MUNICH – German business confidence posted its first fall in 10 months in February according to a survey of 7,000 executives released Tuesday as industry worries about the strong euro continued to grow.

The Munich-based Ifo economic institute said its index for German business sentiment stood at 96.4 points in February, which compares to 97.5 points in January.

“It’s a warning signal for the economic cycle going forward,” Rainer Guntermann, senior European economist with the investment house Dresdner Kleinwort Wasserstein told Deutsche Presse-Agentur dpa.

Analysts had predicted that the closely watched index, which is one of Europe’s key economic indicators, would level out in February and forecast a reading for the month of 97.6.

The fall in the index’s February reading came as concerns grew in German business about the impact of the strong euro on the nation’s export machine, which has been the major force behind pushing Europe’s biggest economy onto a recovery track.

Indeed, the latest Ifo report is a major blow to the hopes of German Chancellor Gerhard Schroeder’s Social Democrat (SPD)-led government of an economic upswing.

An economic surge would help to both convince voters of the necessity of his unpopular economic reforms and to ease the nation’s current high unemployment.

As it is, economists are expecting growth in the German economy to fall short of two percent in 2004 after chalking up a meagre 0.2 percent growth rate in the final three months of 2003.

Economists are already starting to revise down their first-quarter growth projections for the country.

Only last week the euro appeared to be making its way towards the key USD 1.30 dollars mark by hitting an all-time high of USD 1.2930. The common currency has charged ahead by about 20 percent over the last 12 months.

In recent days, however, the euro has slipped back and was trading Tuesday at USD 1.2569 following the release of the latest Ifo report.
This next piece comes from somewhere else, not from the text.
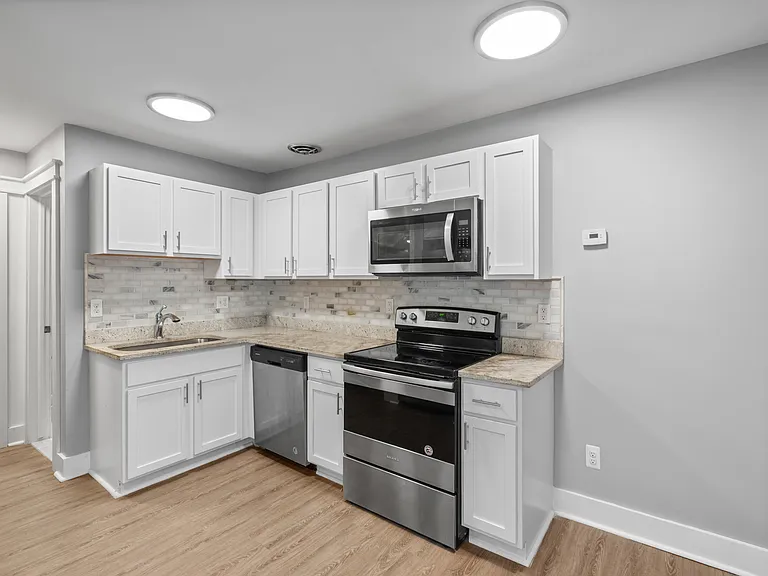 4413 Crooks Rd #4413 — Photo 3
Analysts said that the surprise fall in this month’s reading also reflected uncertainty about the outlook for economic reforms in Germany following Schroeder’s surprise resignation as SPD leader.

The February Ifo report marks the first time that the institute has merged its previously separate readings for western and eastern Germany to produce a new pan-German business confidence index, using 2000 as a base year instead of 1991.

The new pan-German report shows the future business component of the report falling to its lowest level since October, which largely cancelled out a modest rise in the industry leaders’ current business assessment.

While the Ifo report showed business expectations for the coming months dropping to 100.4 from 102.9 reached in January, the index measuring current conditions edged up to 92.6 from January’s 92.5.

“The unfavourable development occurred mainly in wholesaling and manufacturing, where both the business situation and the expectations worsened,” Ifo said.

However, optimism among Germany’s hard-pressed retailers increased, the survey said.

The drop in the Ifo index follows the release earlier this month of another key economic indicator which showed German investor confidence falling for the second month in February.

Compiled by the Mannheim-based Centre for European Economic Research, the so-called ZEW index also posted a much bigger-than- forecast fall in its monthly reading.